Penyair melanjutkan dengan refleksi tentang keinginan untuk menulis: "sebagai pena, ingin kutulis sajak dalam baris-baris yang ganjil, sesuatu yang mungkin teramat asing, dan kau menyebutnya: puisi." Di sini, pena melambangkan alat untuk mengungkapkan perasaan dan pengalaman. Penyair ingin menulis sesuatu yang unik dan berbeda, yang mencerminkan kedalaman emosional dan keasingan perasaannya, dengan harapan bahwa puisi ini dapat menggambarkan kerinduannya.

Daun Gugur dan Kenangan

Bagian berikutnya menyebutkan "daun yang gugur di senja puisi, sebagai cinta yang mencium keningmu?" Daun gugur adalah simbol dari sesuatu yang hilang atau berakhir, tetapi juga dapat melambangkan keindahan dan cinta yang abadi. Kenangan ini seolah mencium kening orang yang dirindukan, menambah dimensi emosional dalam hubungan mereka.

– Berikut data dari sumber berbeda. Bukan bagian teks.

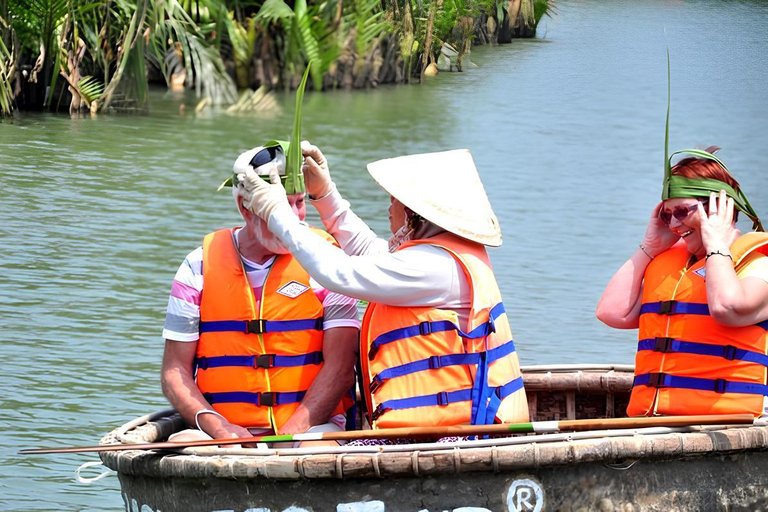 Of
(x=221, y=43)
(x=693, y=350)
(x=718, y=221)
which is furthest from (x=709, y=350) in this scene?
(x=221, y=43)

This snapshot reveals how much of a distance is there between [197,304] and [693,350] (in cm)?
157

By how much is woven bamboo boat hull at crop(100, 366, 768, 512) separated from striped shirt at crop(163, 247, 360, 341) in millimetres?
471

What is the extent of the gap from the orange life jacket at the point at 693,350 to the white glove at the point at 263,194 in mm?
1264

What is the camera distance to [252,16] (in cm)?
2806

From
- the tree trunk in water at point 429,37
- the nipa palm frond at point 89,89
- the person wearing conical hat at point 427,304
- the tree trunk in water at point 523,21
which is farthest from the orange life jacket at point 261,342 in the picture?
the tree trunk in water at point 523,21

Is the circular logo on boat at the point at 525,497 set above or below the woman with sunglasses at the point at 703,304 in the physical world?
below

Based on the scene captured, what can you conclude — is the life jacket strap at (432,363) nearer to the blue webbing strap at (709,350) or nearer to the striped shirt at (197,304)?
the striped shirt at (197,304)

Kenangan dan Rindu yang Biru

"Biarkan aku menyelinap, dalam kenangmu yang biru" menggambarkan keinginan untuk terus berada dalam ingatan dan perasaan yang tersisa. Warna biru di sini melambangkan kedalaman emosi, kesedihan, dan kedamaian. "Kenang yang biru. Langit yang biru. Mimpi yang biru. Dan juga rindu yang biru." Ini menunjukkan bahwa biru adalah warna yang mendominasi perasaan dan kenangan penyair, menjadikannya simbol dari kedalaman cinta dan rindu.

Kanvas dan Galeri

Di akhir puisi, penyair menyebutkan "kanvas yang kau hias dengan segenap rindu, telah kupajang di galeri." Kanvas melambangkan ruang untuk mengekspresikan perasaan dan pengalaman, sementara galeri adalah tempat di mana kenangan dan cinta dipajang dan dihargai. "Kupandang selalu. Penuh cinta" menunjukkan bahwa meskipun orang yang dirindukan tidak ada, kenangan dan cinta tetap hidup dan terus dihargai dalam hati penyair.

Puisi "Memandang Senja yang Hujan" karya Nanang Suryadi adalah sebuah karya yang mengeksplorasi tema rindu, kesepian, dan cinta yang abadi melalui simbolisme senja, hujan, dan warna biru. Penyair menggunakan metafora dan gambaran yang mendalam untuk menyampaikan kedalaman emosional dan keterhubungan antara penulis dan objek rindu.

Dengan penggunaan simbolisme yang kuat dan deskripsi yang mendalam, Nanang Suryadi berhasil menciptakan puisi yang menyentuh dan menggugah perasaan tentang rindu dan kenangan. Puisi "Memandang Senja yang Hujan" mengajak pembaca untuk merenungi tentang bagaimana perasaan dan kenangan membentuk pandangan kita terhadap cinta dan kehidupan. Puisi ini adalah sebuah refleksi mendalam tentang bagaimana cinta dan rindu dapat bertahan dan dihargai meskipun dalam keadaan kesepian dan jarak.

Nanang Suryadi
Puisi: Memandang Senja yang Hujan
Karya: Nanang Suryadi

Biodata Nanang Suryadi:
  • Nanang Suryadi, S.E., M.M. pada tanggal 8 Juli 1973 di Pulomerak, Serang.